DNA damage assays in peripheral blood cells. (A) The number of micronuclei (MN) per 1,000 binucleate (BN) cells was scored by light microscopy in lymphoblastoid cell lines from control subjects (n = 7), patients with pulmonary arterial hypertension (n = 21), and unaffected relatives of patients (n = 8), including two relatives carrying hereditary pulmonary arterial hypertension mutations. One-way analysis of variance was statistically significant (P < 0.001). Patients and relatives had a significantly higher number of MN than control subjects in post hoc testing. **P < 0.01; ***P < 0.001. (B) Results were validated by flow cytometry on fresh peripheral blood mononuclear cells from an independent group of control subjects (n = 7), relatives (n = 9), and patients (n = 23). Number of MN was counted per 50,000 intact nuclei.

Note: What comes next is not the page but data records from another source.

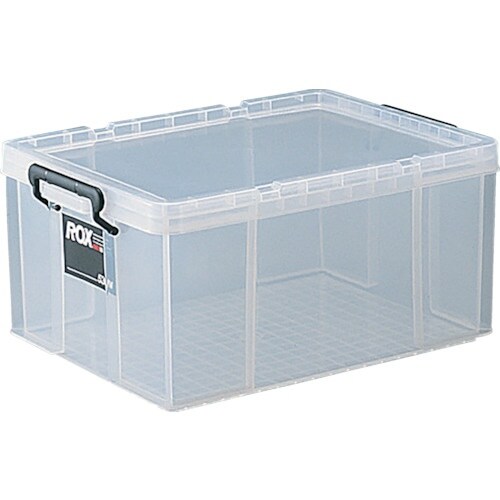 TENMA フタ式収納ケース ロックス 530M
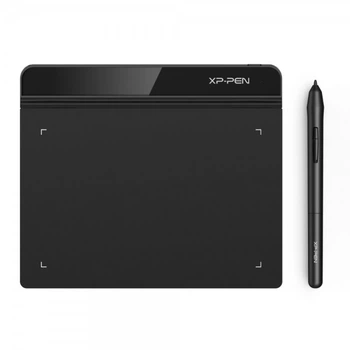 Графический планшет XP-PEN STAR для рисования ретуши 150 x 100 мм Black (G640)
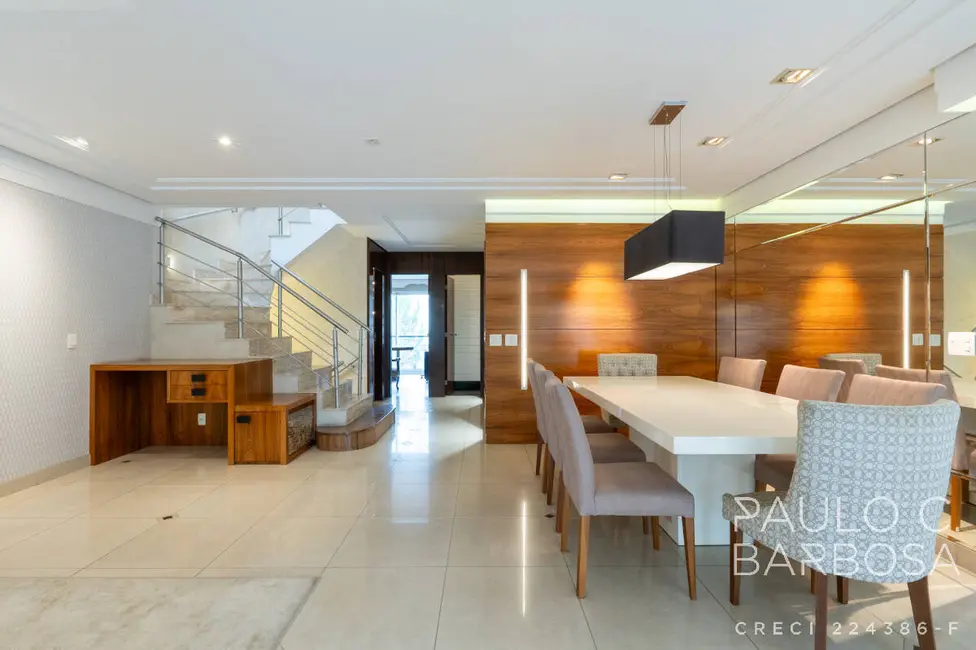 Foto 2 de Casa de Condomínio com 4 quartos à venda e para alugar, 383m2 em Jardim Panorama, São Paulo - SP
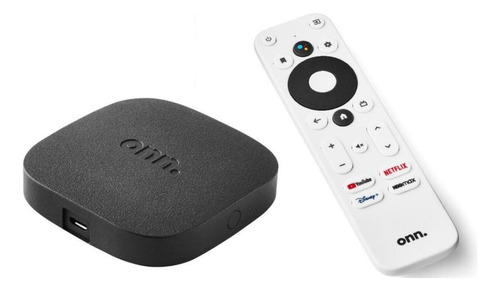 Onn Uhd Streaming 4k 2 Gb Ram Google Tv 2023 Color Negro
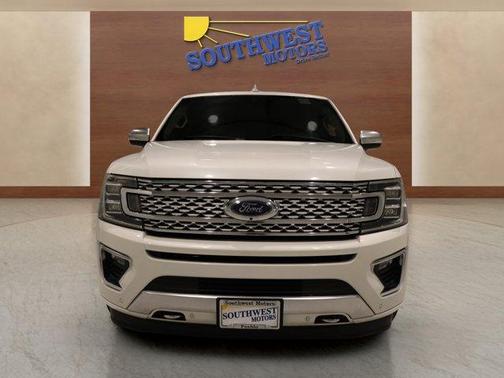 2020 Ford Expedition Platinum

Kruskal-Wallis, P < 0.001; post hoc pairwise tests, *P < 0.05; ***P < 0.001. Mean ± SD.

Figure 3.

Increased reactive oxygen species (ROS) in pulmonary arterial hypertension pulmonary artery endothelial cells and lymphoblastoid cell lines. (A) Pulmonary artery endothelial cells from control subjects (n = 4) and patients (n = 8) were incubated with CellROX Green reagent and analyzed by flow cytometry for 20,000 events. The percentage of ROS-positive cells was significantly higher in pulmonary arterial hypertension cases than control subjects. Mean ± SD; ***P < 0.001. (B) Rate of ROS production in lymphoblastoid cell lines from patients (n = 10), relatives (n = 6), and control subjects (n = 7) was analyzed by flow cytometry. Results are expressed as the change in the percentage of ROS-positive cells among 20,000 counts after 1 hour in antioxidant-free medium compared with baseline, average of at least two independent experiments. Mean ± SD; one-way analysis of variance, P = 0.001; **P < 0.01 (post hoc pairwise tests).

Figure 4.

Effect of antioxidant on DNA damage in peripheral blood cells. Fresh peripheral blood mononuclear cells from control subjects (n = 9), patients (n = 21), and first-degree relatives (n = 10) were incubated with 200 μM N-acetylcysteine (NAC) during the 72-hour micronucleus (MN) protocol. The number of MN per 1,000 binucleate (BN) cells was scored by light microscopy and analyzed by two-way analysis of variance with repeated measures. There was a statistically significant interaction between treatment and patient groups (P < 0.001). In post hoc analyses, NAC significantly reduced the number of MN in cells from patients and relatives but not control subjects; ns = not significant; ***P < 0.001.

Figure 5.

DNA damage induced by genotoxic drugs in peripheral blood mononuclear cells. Induction of micronuclei (MN) by the genotoxic drugs etoposide and bleomycin was measured in peripheral blood mononuclear cells from control subjects (n = 7), relatives (n = 9), and patients (n = 23) by flow cytometry for 50,000 intact nuclei. Untreated cells are the same results as shown in Figure 2B. Mean ± SD; two-way analysis of variance interaction, P < 0.001. Post hoc tests were performed for drug versus untreated cells in each group; ns = not significant; **P < 0.01, ***P < 0.001.

Figure 6.

Model illustrating the potential role of DNA damage in pulmonary arterial hypertension (PAH). Individuals with normal genotype have low levels of reactive oxygen species (ROS) and DNA damage and normal restoration of the pulmonary vasculature after endothelial injury. Individuals with the PAH-susceptible genotype produce higher levels of ROS (red triangles) and have higher baseline levels of DNA damage, both in the lung and in white blood cells (blue circles). This may lead to an increase in the number of pulmonary artery endothelial cells with unrepaired genomic damage (highlighted in gray). On endothelial cell injury and death, cells with preexisting genomic damage may be resistant to apoptosis and primed for hyperproliferation. If the injury itself includes ROS generation or other genotoxic damage, cells with the PAH-susceptible genotype are also more sensitive to the DNA-damaging effects, thus amplifying the extent of the injury compared with normal cells. As vascular remodeling and pulmonary hypertension progresses, hypoxia, abnormalities of mitochondrial metabolism, inflammation, and oxidative stress may lead to additional DNA damage and create a vicious cycle of ongoing endothelial and smooth muscle cell dysfunction.